I just learned about Georges Perec‘s 2005 novel A Void (translated
from the French by Gilbert Adair): As the New Yorker explains:
“Here is a true tour de force: a novel without
a single letter E. The translator’s dazzling re-creation
of the French original conveys the author’s near magical
cleverness while preserving an underlying seriousness
that makes this book much more than a curiosity.”
A Void‘s publisher says:
A Void is a metaphysical whodunit …. It is also an out-
rageous verbal stunt: a 300-page novel that never once
employs the letter E. Adair’s translation, too, is astounding;
Time called it “a daunting triumph of will pushing its way
through imposing roadblocks to a magical country, an
absurdist nirvana of humor, pathos, and loss.”

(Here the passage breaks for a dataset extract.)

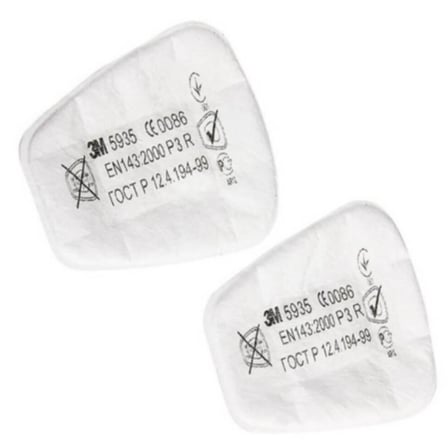 3M 5935 P3 Toz ve Sis Filtre Pedi - 5 Çift (10 Adet)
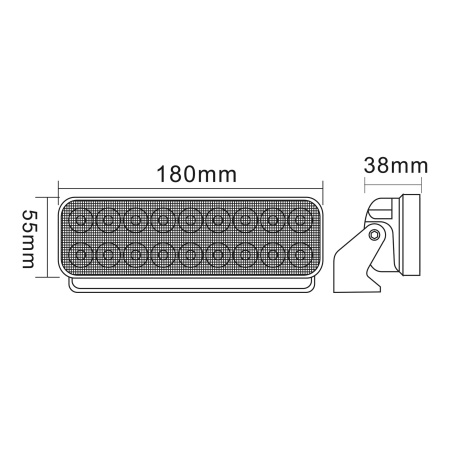 Детальное изображение товара - Светодиодная фара рабочего света LEDWORKER E-WL-501 (54W, 3960Lm, flood)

Not only has Perec saved a lot of e’s for us to send to Robert Soble’s
Flickr trendoids, he has also inspired me to attempt this game on
a very micrio scale — with my own haiku. I quickly learned how
difficult eschewing that vowel can be.
Looking through the hundreds of haiku and senryu that dagosan
posted at f/k/a last year, it became clear that not using e’s does
not come naturally — none of my poems was e-less (even though
they are almost always shorter than 17 syllables). Today, with a
little struggle, this paltry example arose from the depths of my
pysche:
our long
bathtub soak —
almost a full moon
dagosan
My Schenectady neighbor, Honored Guest Yu Chang has a
name that promises e-lessness. Nonetheless, out of approx-
imately 50 of his poems that have appeared here, only one
has no e:
rough landing
the warmth
of your hand
Yu Chang– Upstate Dim Sum (2004/I
I’m going to search my Yu Chang collection to see if I can find
more. Meanwhile, I’m asking all the haijin out there to submit, by
email or as a Comment, some haiku-sans-e. Please don’t cheat by
resorting to extremely truncated poems. Let’s make 9 or 10 syllables
(as in the dagosan example above) the minimum. One tactic
might be taking one of your favorite haiku and re-writing it without
an e.
Everyone is invited to join in this exercise, but if you don’t know what
we mean here by “real haiku,” please read “is it or ain’t it haiku?” for
a quick lesson. (Yes, the Haiku Police are on patrol.)
If the book is as good as the critics have suggested, Georges Perec
deserves a hat-tip for his achievement in A Void. I’ve got about
299 pages to go to catch up. Now, it’s your turn.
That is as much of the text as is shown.